# Pandas 1.0

## About Me

* Ted Petrou
* Founder of Dunder Data
* Books
    * [Master Data Analysis with Python][0]
    * [Master Machine Learning with Python][1]

[0]: https://www.dunderdata.com/master-data-analysis-with-python
[1]: https://www.dunderdata.com/master-machine-learning-with-python

### Versioning
Previous version was 0.25
* Deprecations will be introduced in minor releases (e.g. 1.1.0, 1.2.0, 2.1.0, …)
* Deprecations will be enforced in major releases (e.g. 1.0.0, 2.0.0, 3.0.0, …)
* API-breaking changes will be made only in major releases (except for experimental features)

### Summary 

* Good news - few changes
* Bad news - few changes

### Major changes

* New missing value `pd.NA`
* Nullable integer
* Nullable boolean
* Dedicated string data type

Find changes each version in [release notes section][0].

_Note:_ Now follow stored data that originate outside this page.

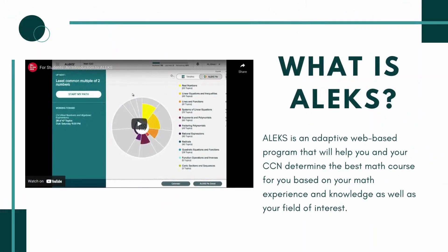What is exactly ALEKS? Well, let's first talk about what it stands for. It stands for Assessment and Learning in Knowledge Spaces, and really it's a web-based, artificially intelligent assessment and learning system. ALEKS uses adaptive questioning to quickly and accurately determine exactly what you know and what you don't know based on your previous math experiences.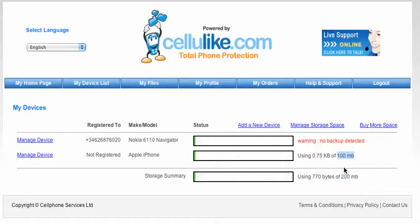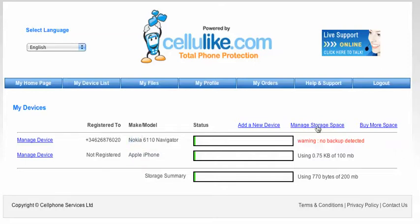I've got 100MB for the iPhone and the Nokia is using another 100MB. So if I wanted to move, let's say 75MB from the Nokia over to the iPhone, then I would click this little link here.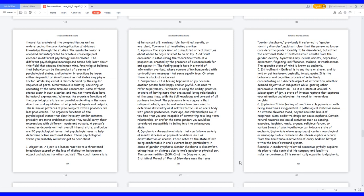5. Enthrallment. Enthrall is to captivate or charm, and to hold or put in slavery, basically to subjugate. It is the behavioral and cognitive process of selectively concentrating on a discrete aspect of information, whether deemed objective or subjective while ignoring other perceivable information. It is a state of arousal, a subcategory of joy, a state of intense rapture that captures your attention and elevates the mood to tremendous heights.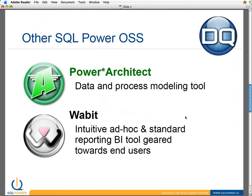In summary, you've seen DQGuru, you've seen the deduping. We have a couple of other open source products that we've given to the community. You saw us working with Wabbit, which is an ad hoc and standard reporting BI tool that's really geared towards end users. It's very intuitive — I was doing a fair amount of stuff graphically without having to write SQL, which is very handy, especially for business users that know the data but don't know SQL.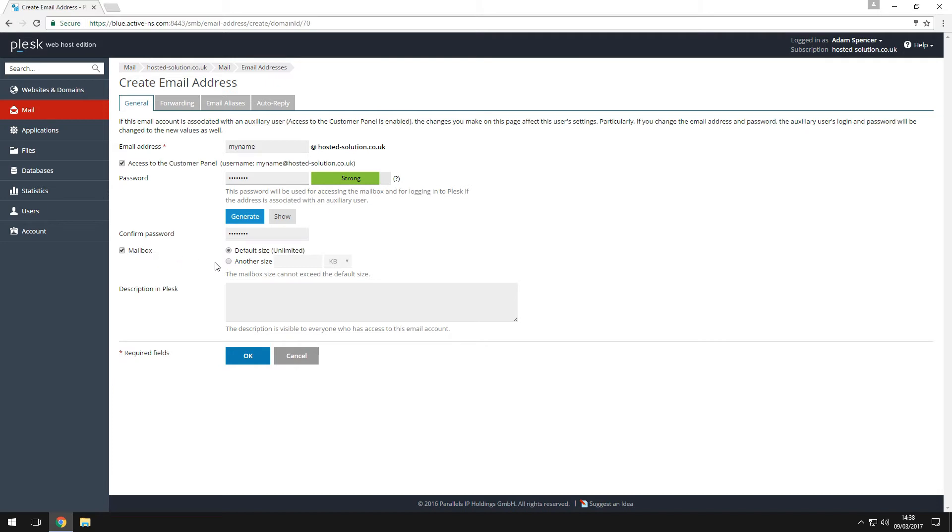Ensure that the mailbox checkbox is ticked by default, and if you want to set a limit to the size of the mailbox, enter it here in megabytes.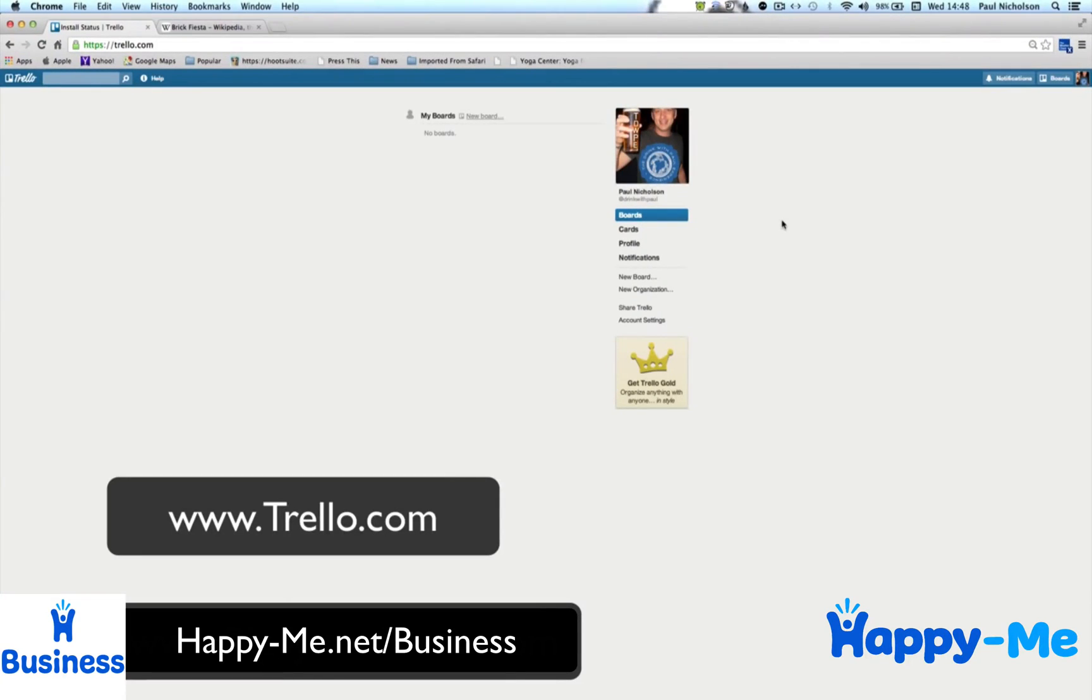Hi everyone, I just want to talk you through how to do project management using Trello.com. Trello's a brilliant tool that you can use online to manage all those projects and it's absolutely free, which is always nice.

[0]: https://pandas.pydata.org/docs/whatsnew/index.html
[1]: https://pandas.pydata.org/docs/whatsnew/v1.0.0.html

In [1]:
import pandas as pd
import numpy as np
pd.__version__

'1.0.1'

In [2]:
pd.NA == pd.NA

<NA>

In [3]:
None == None

True

In [4]:
np.nan == np.nan

False

In [5]:
pd.NA > 5

<NA>

## Named Aggregations (0.25)

You can now rename the aggregating columns within the groupby.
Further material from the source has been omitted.